You are confused as to how transistors work. You may want to ground the emitter if this is a low side switch, but you certainly don't want to ground the base. The base is the input signal to the transistor.
Another problem is that the base will likely require more current than a microcontroller digital output can source. You want to switch 5 A, which will require a reasonable "power transistor". Even being generous and saying you get one with a gain of 50 at 5 A, that still requires 100 mA base current. You could use another transistor in emitter follower configuration driving the power transistor, or perhaps use a FET. Knowing what the voltage will be on the switch when open is useful in deciding the best strategy.
Added:
Now that you say you only need to switch 12 V, a FET will be a better fit. At that low voltage, you can find FETs that can turn on well with only 5 V on the gate. That means they can be driven directly from a 5 V digital logic output. In fact, these are sometimes called "logic level" FETs. 5 A is pretty high, but you may be able to find a FET that can do that with 5 V gate drive (I haven't looked). If not, you can definitely get this by paralleling two FETs. Unlike bipolar transistors, MOSFETs can be paralleled since their D-S resistance goes up with temperature. I use the IRLML2502 a lot for these kind of low voltage but decent current switching applications. A single IRLML2502 can't handle the current, but two in parallel will be fine. However, I would first look to see if you can find one that can do the whole job.

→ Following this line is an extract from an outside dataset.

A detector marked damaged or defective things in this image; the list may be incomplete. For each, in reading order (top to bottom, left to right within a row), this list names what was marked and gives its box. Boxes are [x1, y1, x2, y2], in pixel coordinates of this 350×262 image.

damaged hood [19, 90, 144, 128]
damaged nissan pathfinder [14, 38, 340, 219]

I haven't looked up the TIP3055, but just from it's name I'm guessing its a 2N3055 variant. That is a high current power transistor, but also has very low gain. You may need as much as 500 mA base current to get 5 A collector current. Driving that from a digital output will take additional active parts. The FET solution will be much simpler and will dissipate less power. You can probably get away without a heat sink with the right FET or FETs.